TRY IT ▸ Without pictures, retype the following entries exactly.
*** THE RECORDS ***
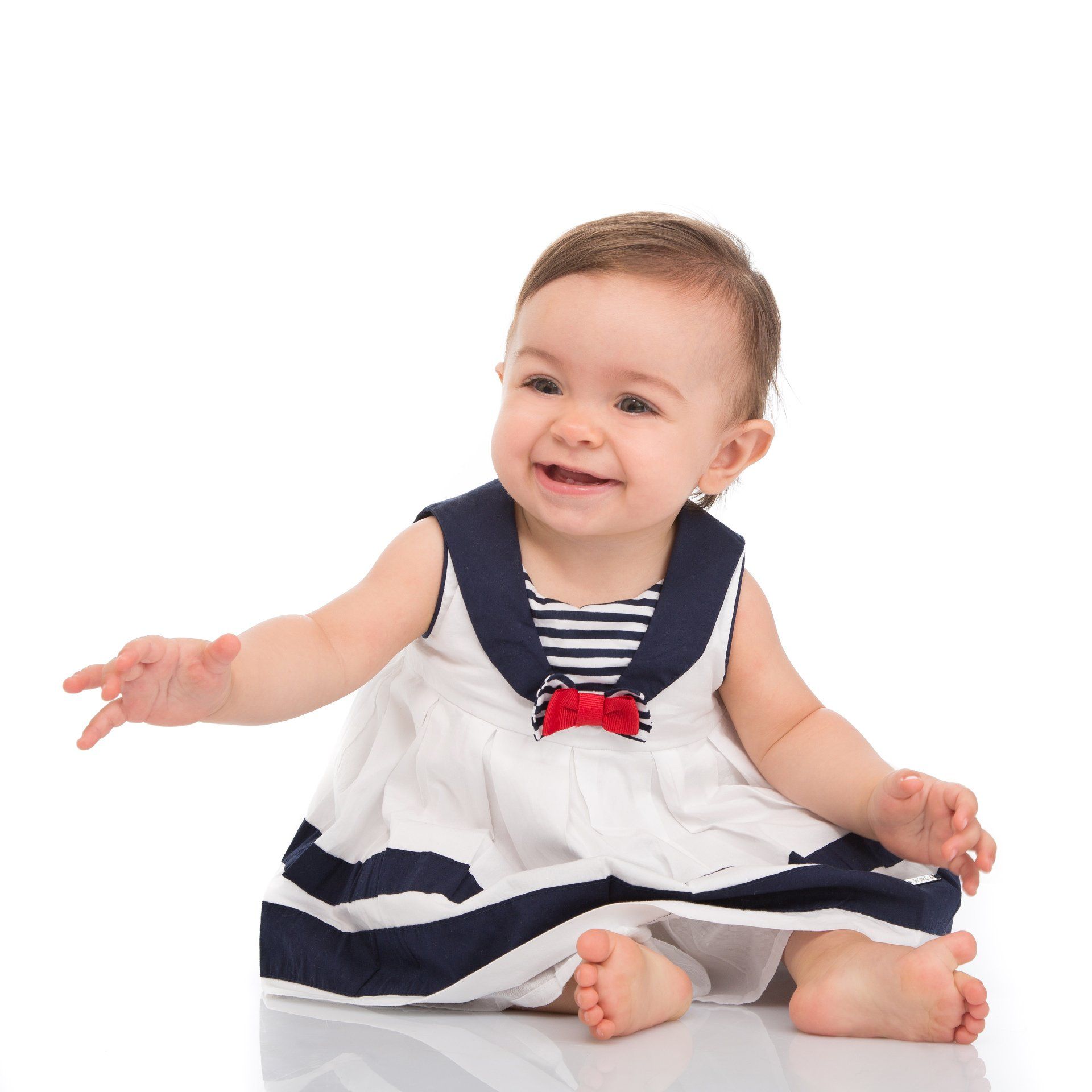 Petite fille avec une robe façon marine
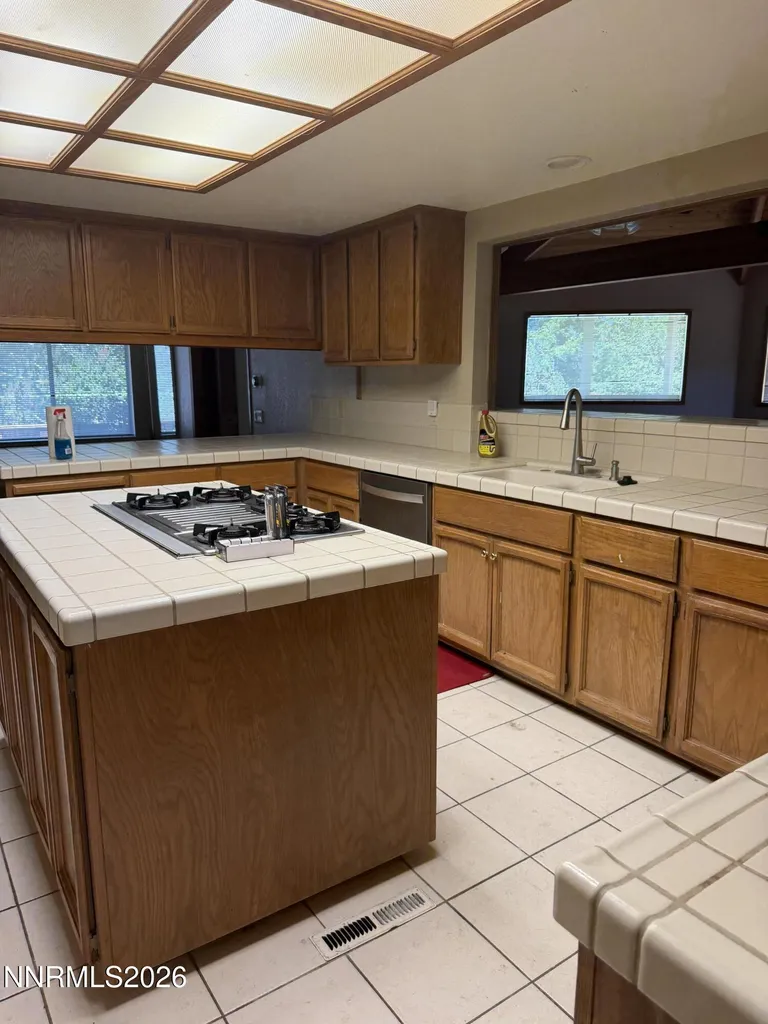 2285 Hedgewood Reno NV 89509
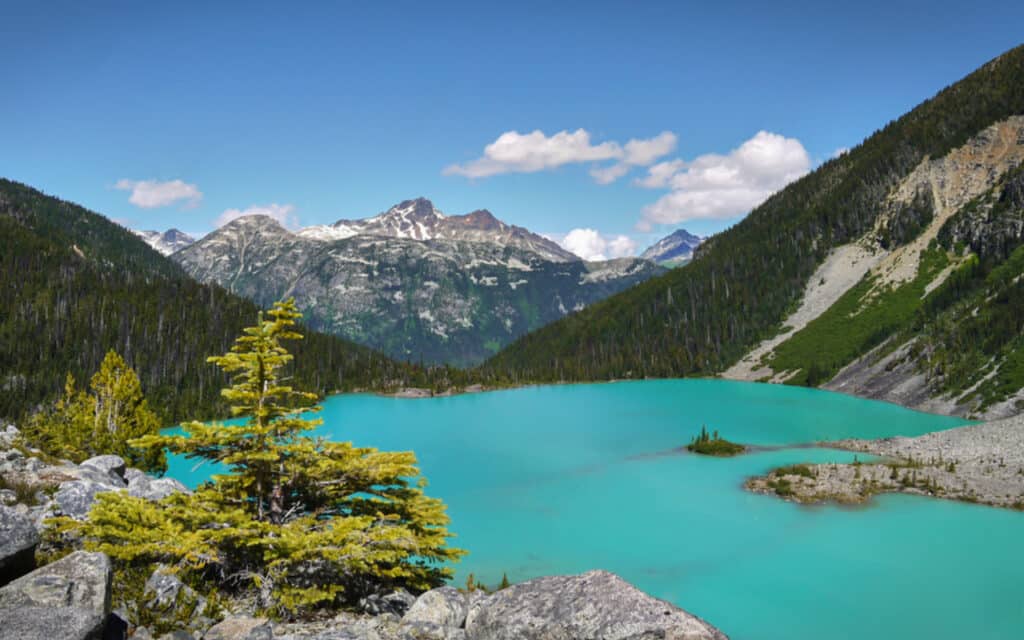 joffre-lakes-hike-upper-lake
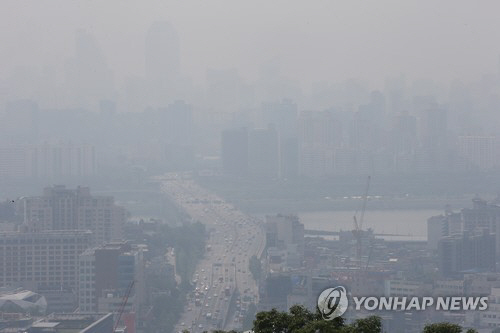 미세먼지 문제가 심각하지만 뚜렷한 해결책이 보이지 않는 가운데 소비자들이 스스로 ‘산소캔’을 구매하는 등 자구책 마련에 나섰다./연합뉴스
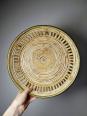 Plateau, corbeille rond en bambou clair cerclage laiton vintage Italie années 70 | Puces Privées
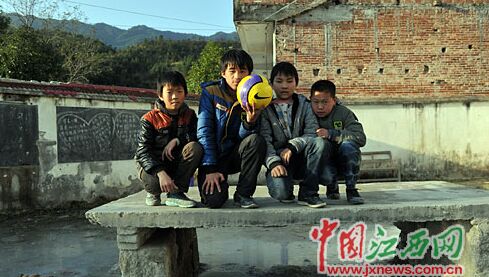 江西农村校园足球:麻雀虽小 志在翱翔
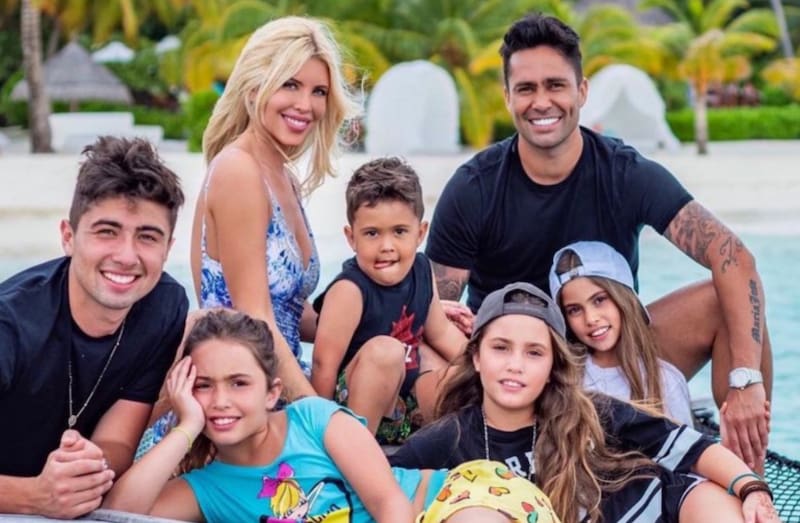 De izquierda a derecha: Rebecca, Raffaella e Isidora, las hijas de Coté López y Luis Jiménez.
*** End of THE RECORDS ***
EXERCISE SOLUTION ▸
 Petite fille avec une robe façon marine
 2285 Hedgewood Reno NV 89509
 joffre-lakes-hike-upper-lake
 미세먼지 문제가 심각하지만 뚜렷한 해결책이 보이지 않는 가운데 소비자들이 스스로 ‘산소캔’을 구매하는 등 자구책 마련에 나섰다./연합뉴스
 Plateau, corbeille rond en bambou clair cerclage laiton vintage Italie années 70 | Puces Privées
 江西农村校园足球:麻雀虽小 志在翱翔
 De izquierda a derecha: Rebecca, Raffaella e Isidora, las hijas de Coté López y Luis Jiménez.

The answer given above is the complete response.